Task. Every line below needs to be printed again exactly, without any of its pictures.

Information provided.
◇ ◇ ◇ ◇ ◇ ◇ ◇

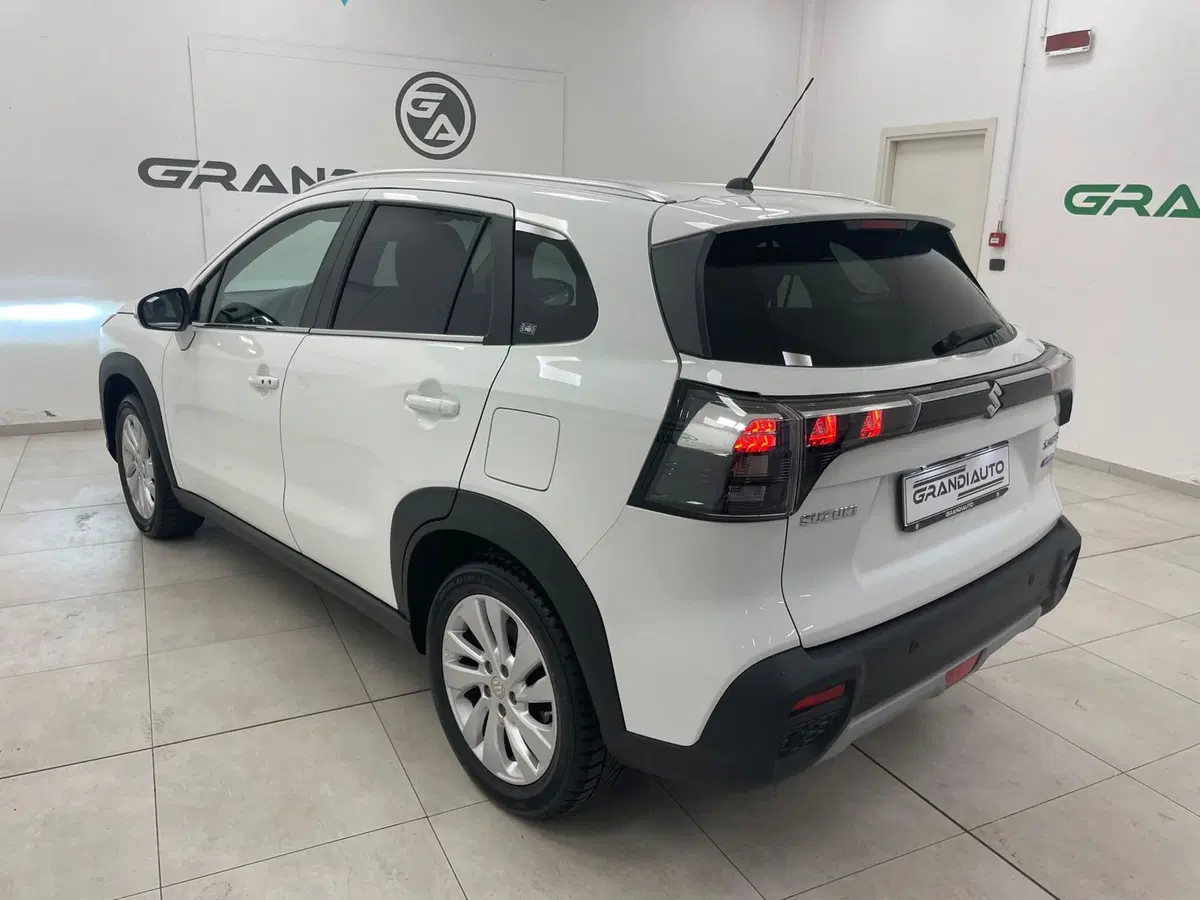 Suzuki S-Cross usata a Alessandria (6)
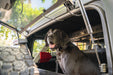 DV8 Offroad 2021-2024 Ford Bronco Dog Barrier – image 12 of 20
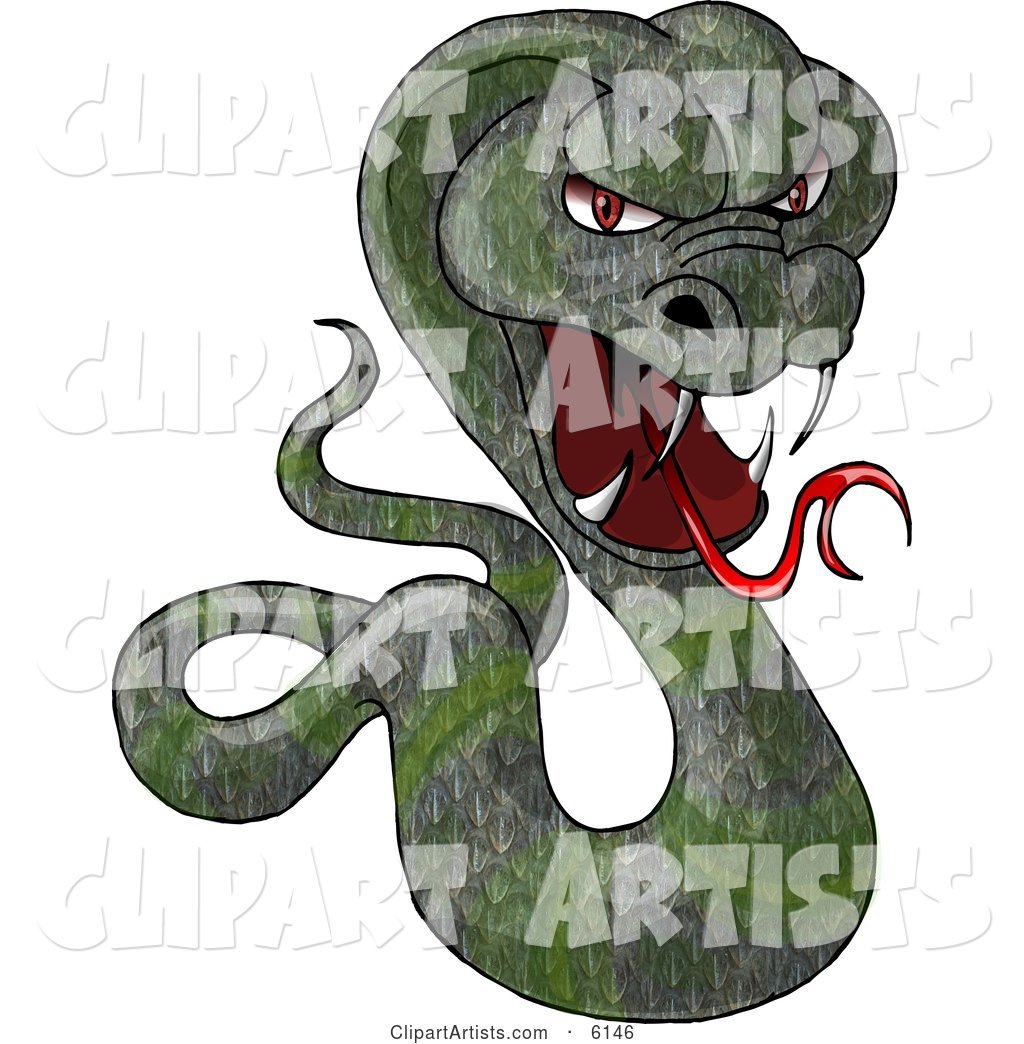 Green Cobra Snake Baring Its Fangs and Forked Tongue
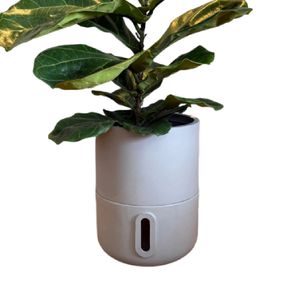 Vaso Brota Decor Urbi M 25x33cm Cimento - BRO-DEC-V03 - BROTA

◇ ◇ ◇ ◇ ◇ ◇ ◇

Solution to this problem.
 Suzuki S-Cross usata a Alessandria (6)
 DV8 Offroad 2021-2024 Ford Bronco Dog Barrier – image 12 of 20
 Green Cobra Snake Baring Its Fangs and Forked Tongue
 Vaso Brota Decor Urbi M 25x33cm Cimento - BRO-DEC-V03 - BROTA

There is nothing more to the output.